La vivacité brute impressionne en entretien. C’est l’accumulation qui fait la valeur au bout de trois ans.
Cette préférence pour l’accumulation n’est pas un biais de cabinet ; elle est la structure même du travail juridique. Un dossier n’est jamais traité d’un coup : il se construit par couches, sur des semaines ou des mois, et chaque couche suppose la mémoire des précédentes. Une décision prise en mars engage ce qu’on écrit en septembre ; une position arrêtée pour un client en oriente d’autres. Dans un tel travail, l’oubli n’est pas un défaut mineur qu’on compense par de la brillance : il est rédhibitoire, parce qu’il rompt la continuité dont tout le reste dépend. C’est pourquoi un collaborateur fiable mais ordinaire est, sur un dossier long, préférable à un génie qui efface tout chaque nuit.
Une IA qui réimpressionne mise tout sur la vivacité et abandonne l’accumulation ; elle choisit, sans le dire, le profil le moins utile sur la durée. Elle ressemble à ce collaborateur qu’on garde pour les coups d’éclat ponctuels mais à qui l’on ne confie rien de suivi, parce qu’on sait qu’il faudra, à chaque fois, tout reprendre. Le marché de l’IA juridique a passé deux ans à recruter, en somme, le junior éblouissant et amnésique, et à s’étonner que les organisations ne lui confient pas leur travail réel.
Ce qu’un cabinet recherche, à l’inverse, c’est le collaborateur qui reste : celui dont la connaissance du dossier s’approfondit, dont les réponses tiennent compte de tout ce qui a précédé, dont on n’a pas à se méfier parce qu’il n’efface rien. Un tel collaborateur ne fait pas de démonstration ; il fait quelque chose de bien plus précieux et de bien moins spectaculaire : il devient, au fil du temps, quelqu’un sur qui l’on peut compter. C’est cette qualité-là, la fiabilité dans la durée plutôt que l’éclat dans l’instant, qui distingue un outil dont on se sert vraiment d’un outil qu’on admire puis qu’on délaisse.
C’est dans cette direction que MAX a été conçu : non pour produire à chaque fois la meilleure démonstration possible, mais pour devenir, à l’usage, le collaborateur qui se souvient. Cela suppose d’accepter un arbitrage que peu d’éditeurs assument : moins impressionner au premier contact pour mieux servir au centième. Un produit qui se juge sur la durée fait, par définition, une démonstration moins éclatante qu’un produit qui se juge sur l’instant ; mais c’est l’usage réel, et non la première impression, qui décide en définitive de la valeur d’une infrastructure.

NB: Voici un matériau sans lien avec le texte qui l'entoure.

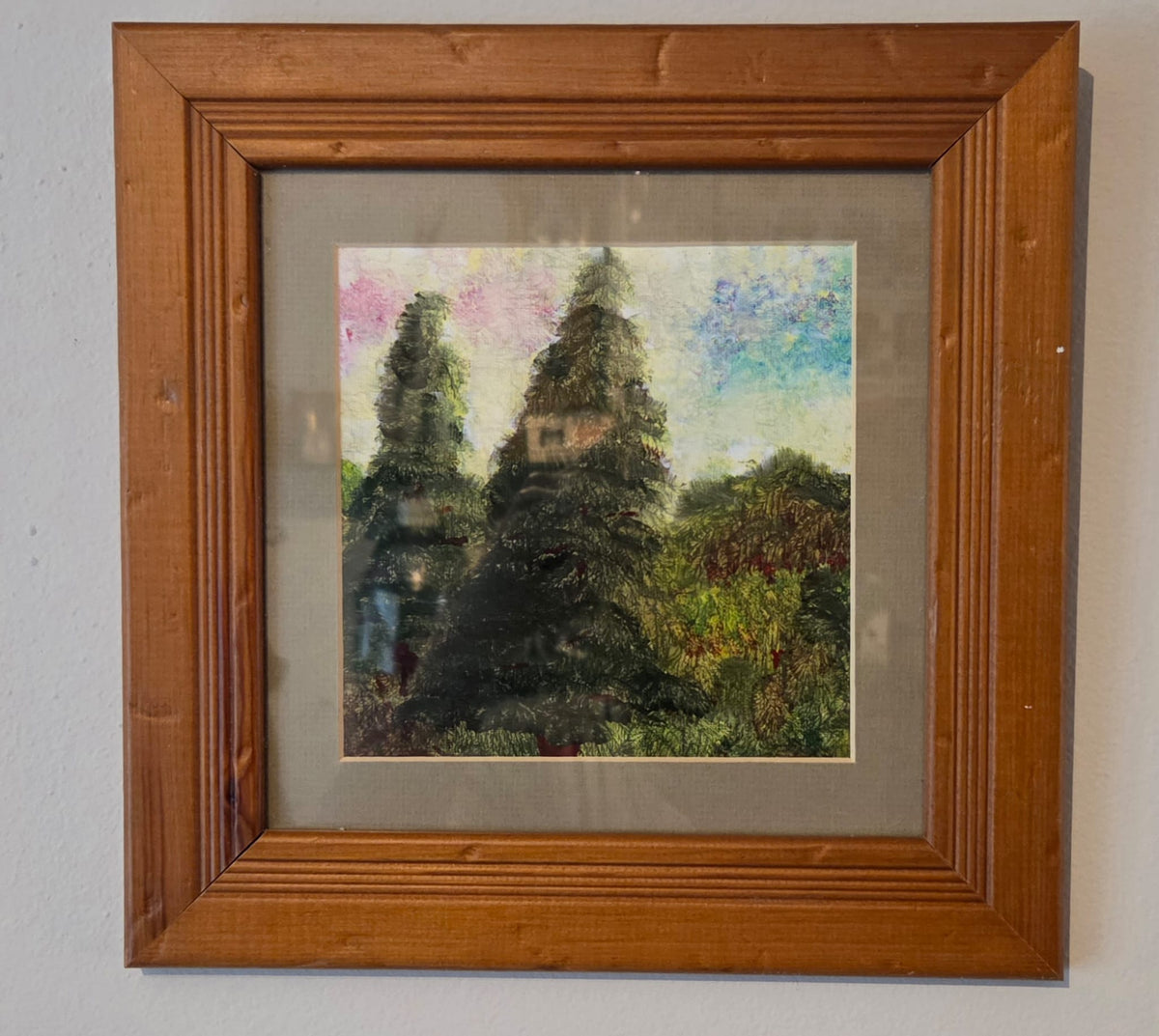 Framed Print of Twin Trees Wooden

La première interaction n’est pas le moment décisif. C’est la centième, quand la démonstration est devenue une familiarité.

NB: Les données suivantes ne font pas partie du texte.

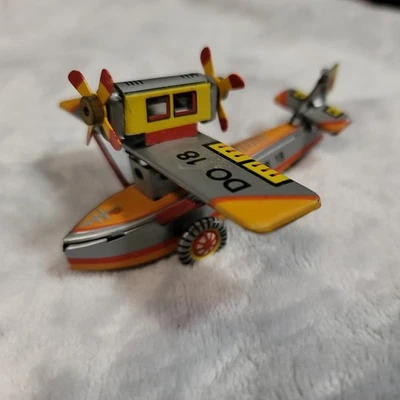 Vintage ZZ Germany Tin Toy Plane Airplane Seaplane Dornier 18 DO-18 - Image 1 of 4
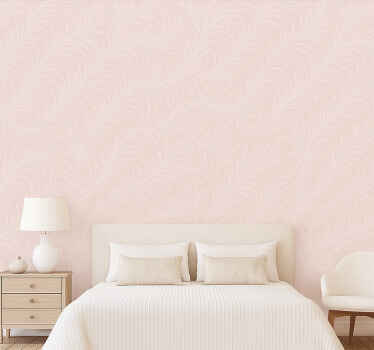 Soft pink botanical master bedroom wallpaper - TenStickers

Ce renversement de critère, du premier contact vers le centième, n’est pas qu’une question de patience commerciale. Il dit où se trouve, réellement, la valeur d’un outil de travail. Un outil qu’on juge sur sa première démonstration est jugé sur ce qu’il a de plus superficiel ; un outil qu’on juge sur son centième usage est jugé sur ce qu’il est devenu pour celui qui s’en sert. Et ce qu’un outil devient, c’est précisément ce qu’une démonstration ne peut pas montrer, parce que cela n’existe pas encore au moment où on la fait.

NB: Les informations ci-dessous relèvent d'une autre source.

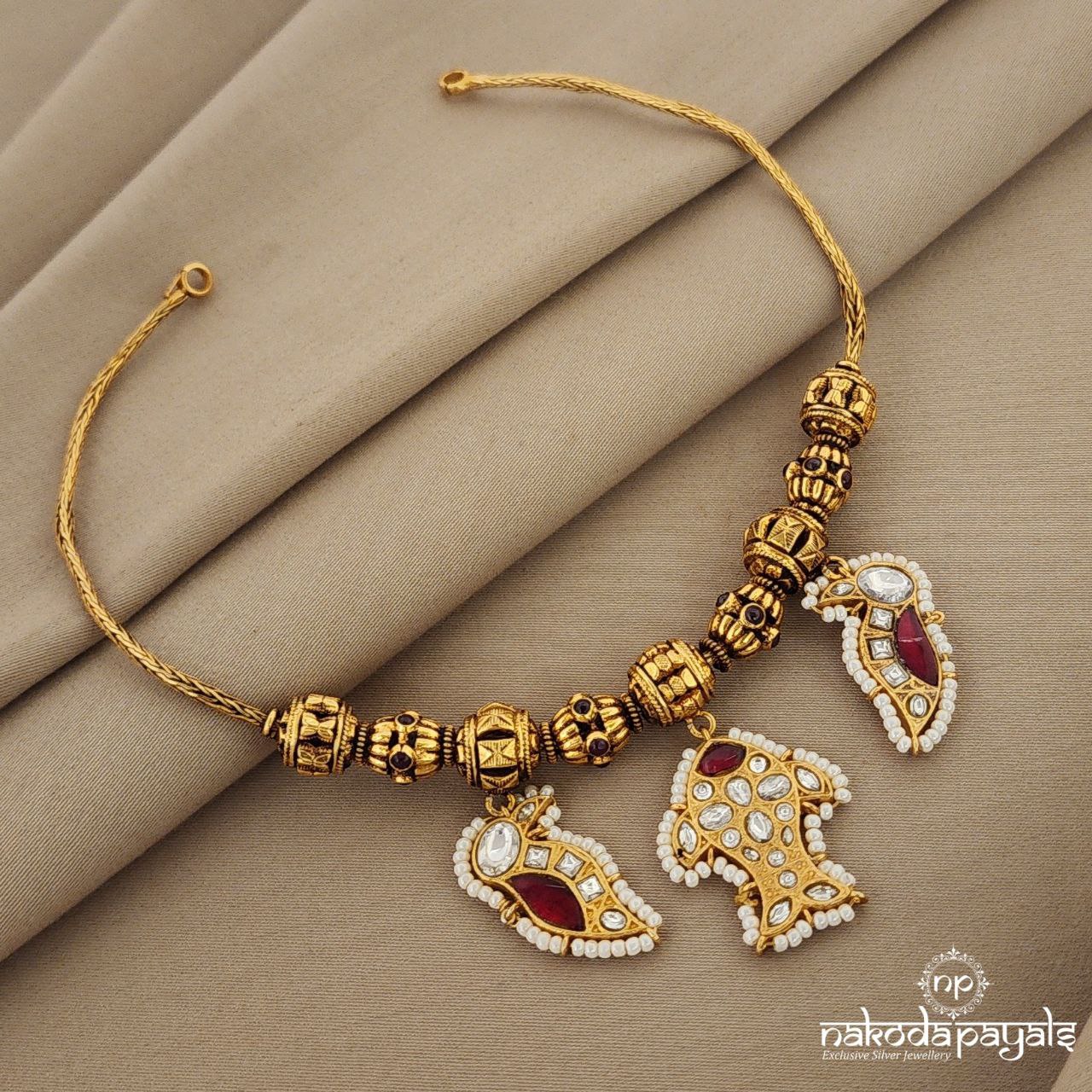 Fish Kundan Short Neckpiece (Gn919)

La conséquence est contre-intuitive en démonstration et évidente à l’usage : la valeur de MAX s’apprécie dans la durée, pas dans l’instant. Une IA qui réimpressionne tous les matins reste un produit qu’on admire et qu’on délaisse ; une IA qui se souvient devient un collaborateur sur lequel on s’appuie. Et c’est dans la seconde, pas dans la première, que se loge le travail juridique qui dure.